Source data:
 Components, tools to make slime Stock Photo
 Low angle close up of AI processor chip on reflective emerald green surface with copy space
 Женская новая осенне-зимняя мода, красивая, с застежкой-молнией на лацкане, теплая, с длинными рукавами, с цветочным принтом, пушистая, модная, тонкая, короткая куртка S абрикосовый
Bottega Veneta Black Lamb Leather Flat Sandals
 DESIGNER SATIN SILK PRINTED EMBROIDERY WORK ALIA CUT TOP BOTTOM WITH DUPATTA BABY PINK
--
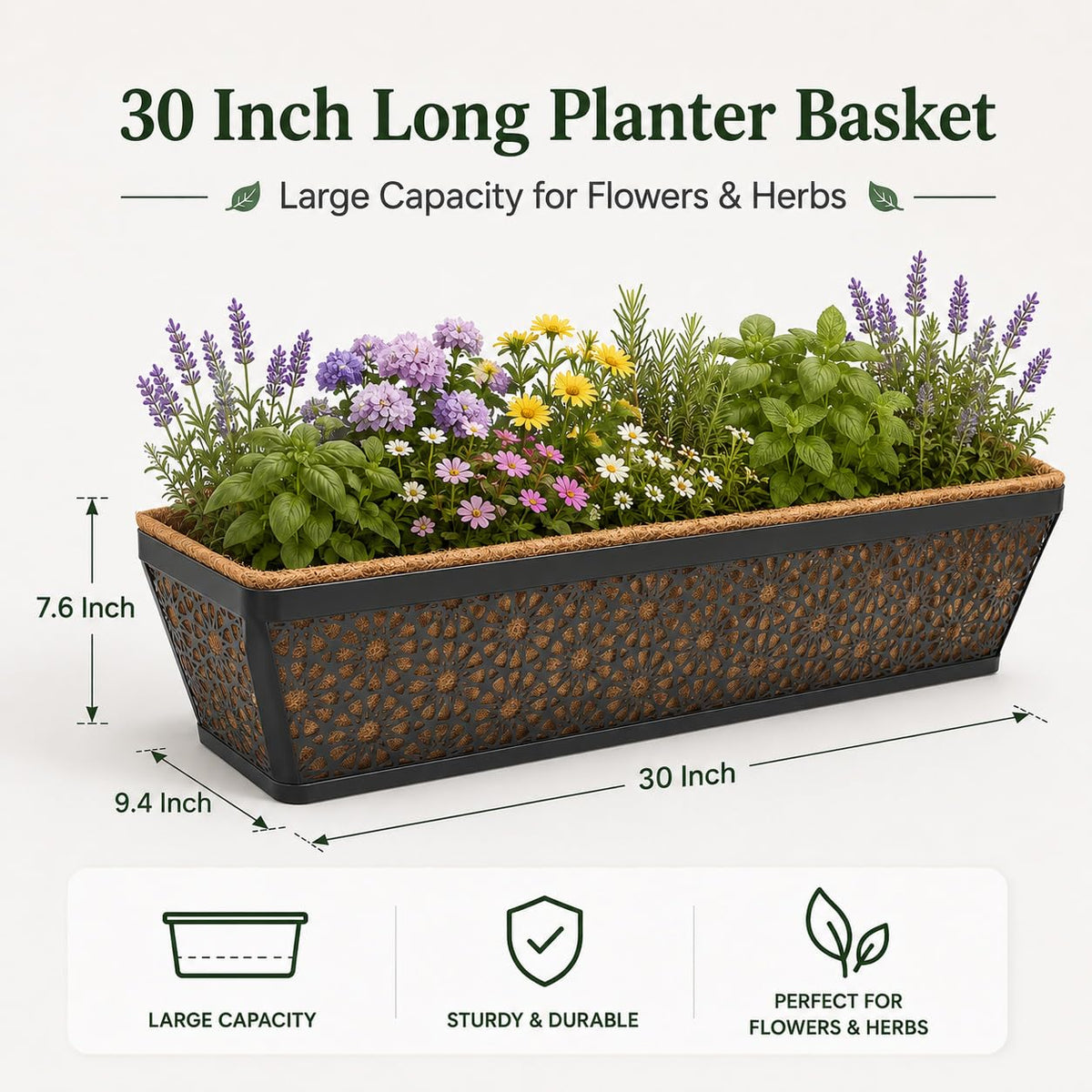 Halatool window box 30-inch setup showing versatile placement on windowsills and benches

Exercise objective: From the data above, return every line from the line that has "Components, tools to make slime Stock Photo" up to and including the line that has "DESIGNER SATIN SILK", exactly.

Answer for this exercise:
 Components, tools to make slime Stock Photo
 Low angle close up of AI processor chip on reflective emerald green surface with copy space
 Женская новая осенне-зимняя мода, красивая, с застежкой-молнией на лацкане, теплая, с длинными рукавами, с цветочным принтом, пушистая, модная, тонкая, короткая куртка S абрикосовый
Bottega Veneta Black Lamb Leather Flat Sandals
 DESIGNER SATIN SILK PRINTED EMBROIDERY WORK ALIA CUT TOP BOTTOM WITH DUPATTA BABY PINK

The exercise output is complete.